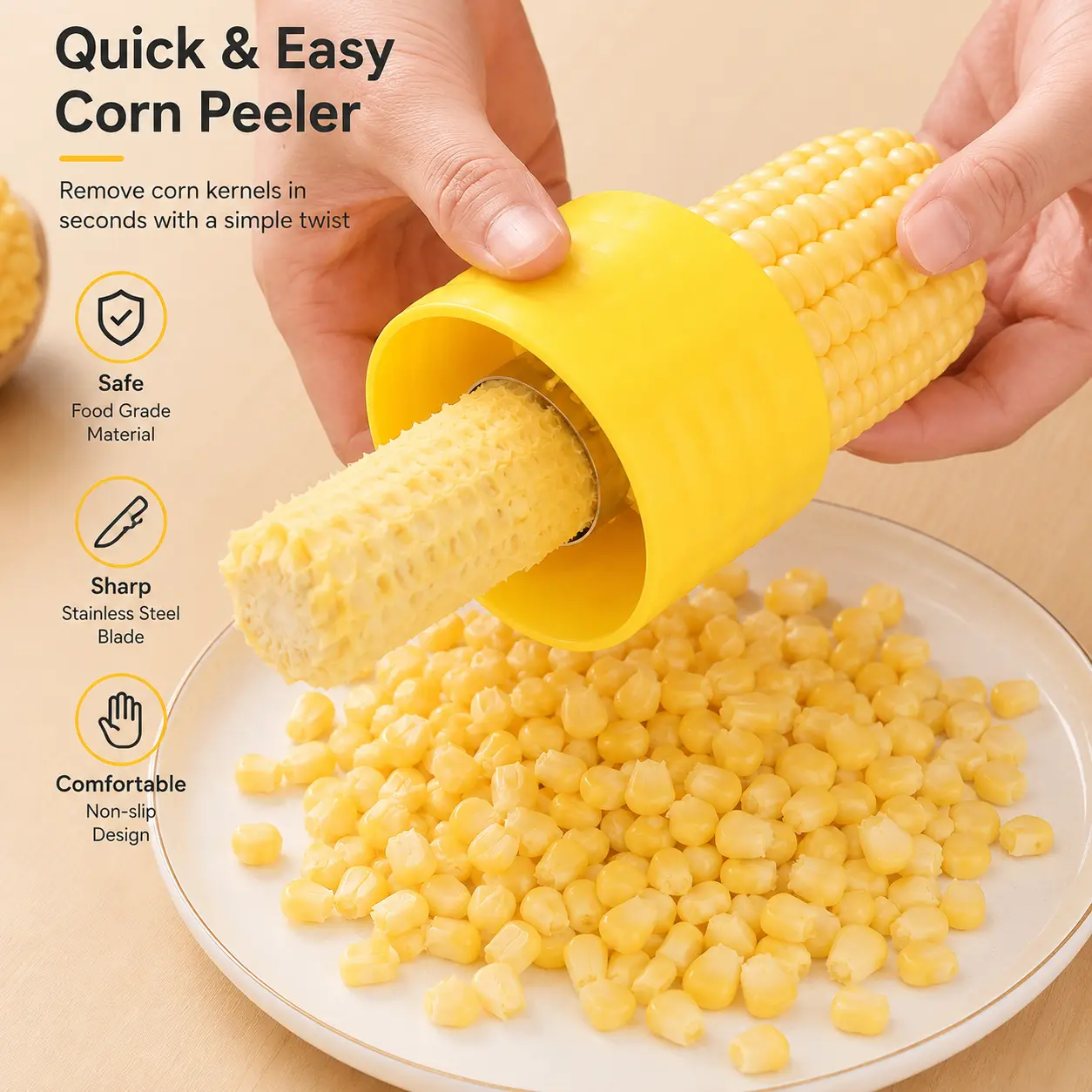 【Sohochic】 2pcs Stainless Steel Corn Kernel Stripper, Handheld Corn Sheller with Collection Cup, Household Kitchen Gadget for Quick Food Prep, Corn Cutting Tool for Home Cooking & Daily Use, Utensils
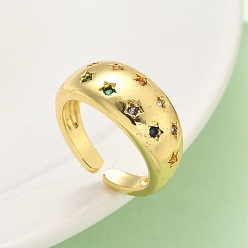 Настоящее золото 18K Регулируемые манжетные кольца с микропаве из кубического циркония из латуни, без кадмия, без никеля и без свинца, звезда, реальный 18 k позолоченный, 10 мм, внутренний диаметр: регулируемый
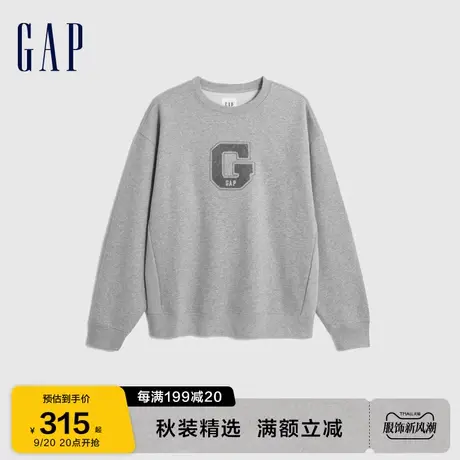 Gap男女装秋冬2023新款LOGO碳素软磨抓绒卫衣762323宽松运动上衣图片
────────────────
*Required action*.
Exact copy, pictures removed: set down the whole listing above.

*Answer to the exercise*.
 【Sohochic】 2pcs Stainless Steel Corn Kernel Stripper, Handheld Corn Sheller with Collection Cup, Household Kitchen Gadget for Quick Food Prep, Corn Cutting Tool for Home Cooking & Daily Use, Utensils
 Настоящее золото 18K Регулируемые манжетные кольца с микропаве из кубического циркония из латуни, без кадмия, без никеля и без свинца, звезда, реальный 18 k позолоченный, 10 мм, внутренний диаметр: регулируемый
 Gap男女装秋冬2023新款LOGO碳素软磨抓绒卫衣762323宽松运动上衣图片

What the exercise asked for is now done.